*WHAT YOU HAVE TO DO*: Set the pictures aside and set down only the lines from the line holding "Изображение Tusz Asarto" through the end of the entries below, ends included.

──────── DATASET CONTENT ────────

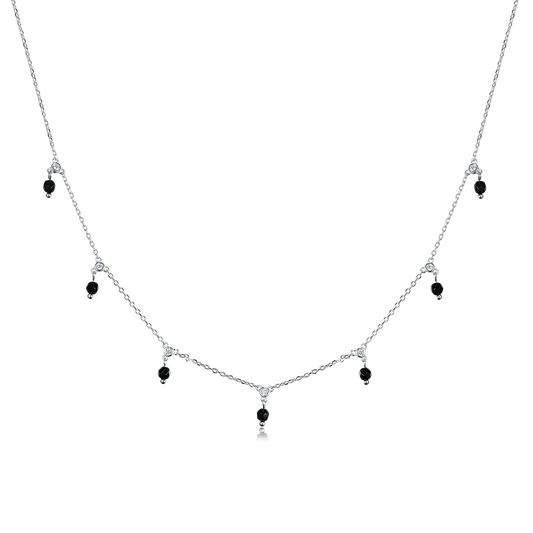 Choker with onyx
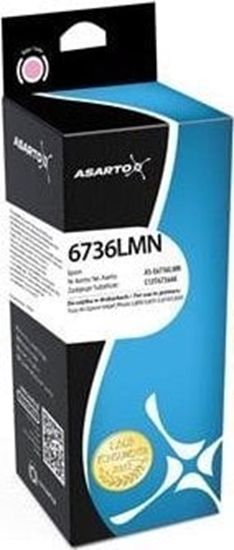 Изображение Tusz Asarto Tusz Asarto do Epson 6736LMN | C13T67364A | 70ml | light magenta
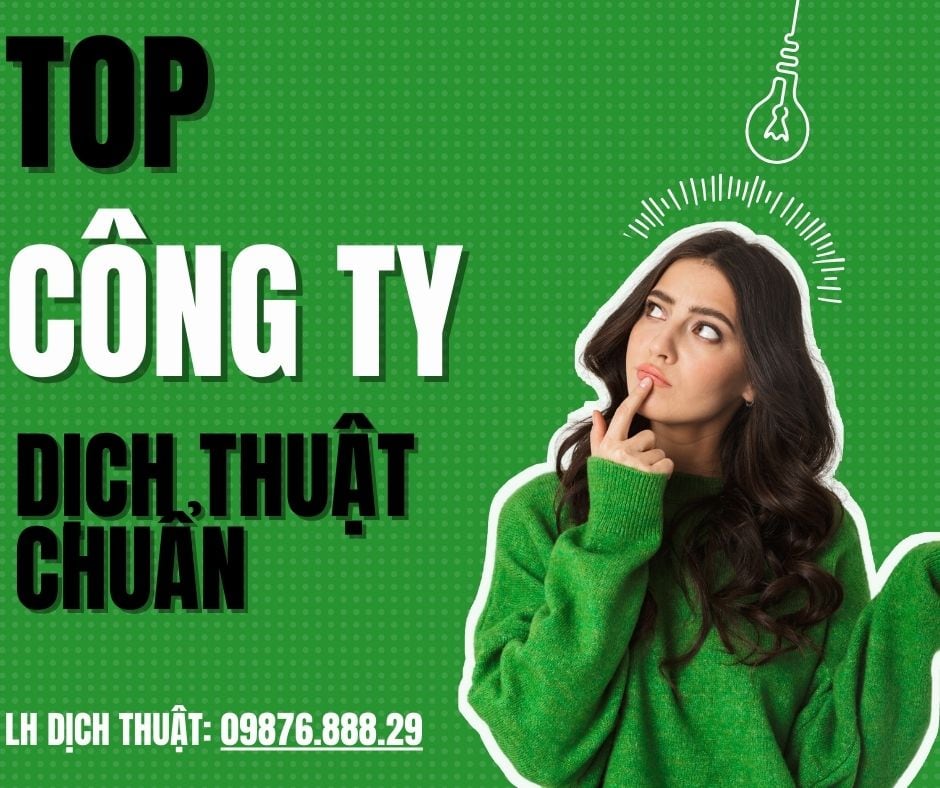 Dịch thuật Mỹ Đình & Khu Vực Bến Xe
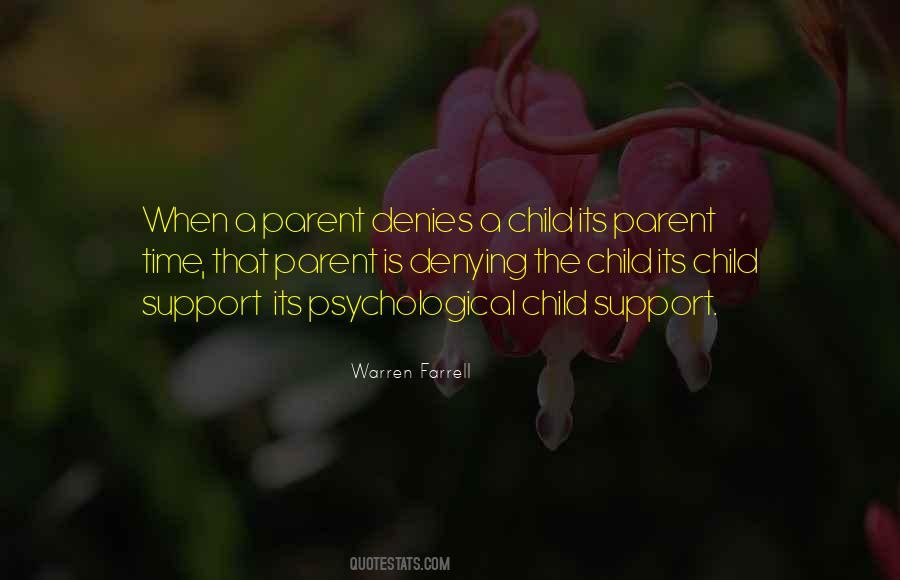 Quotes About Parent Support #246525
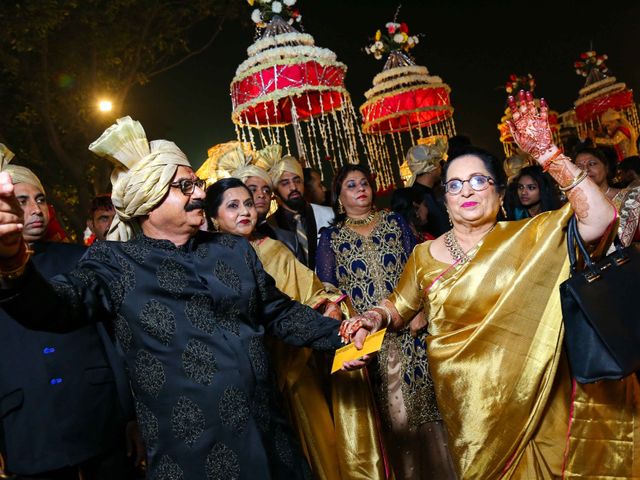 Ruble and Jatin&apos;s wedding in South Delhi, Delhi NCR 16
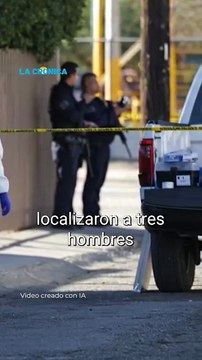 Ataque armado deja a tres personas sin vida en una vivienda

────────

*SOLVED PROBLEM*:
 Изображение Tusz Asarto Tusz Asarto do Epson 6736LMN | C13T67364A | 70ml | light magenta
 Dịch thuật Mỹ Đình & Khu Vực Bến Xe
 Quotes About Parent Support #246525
 Ruble and Jatin&apos;s wedding in South Delhi, Delhi NCR 16
 Ataque armado deja a tres personas sin vida en una vivienda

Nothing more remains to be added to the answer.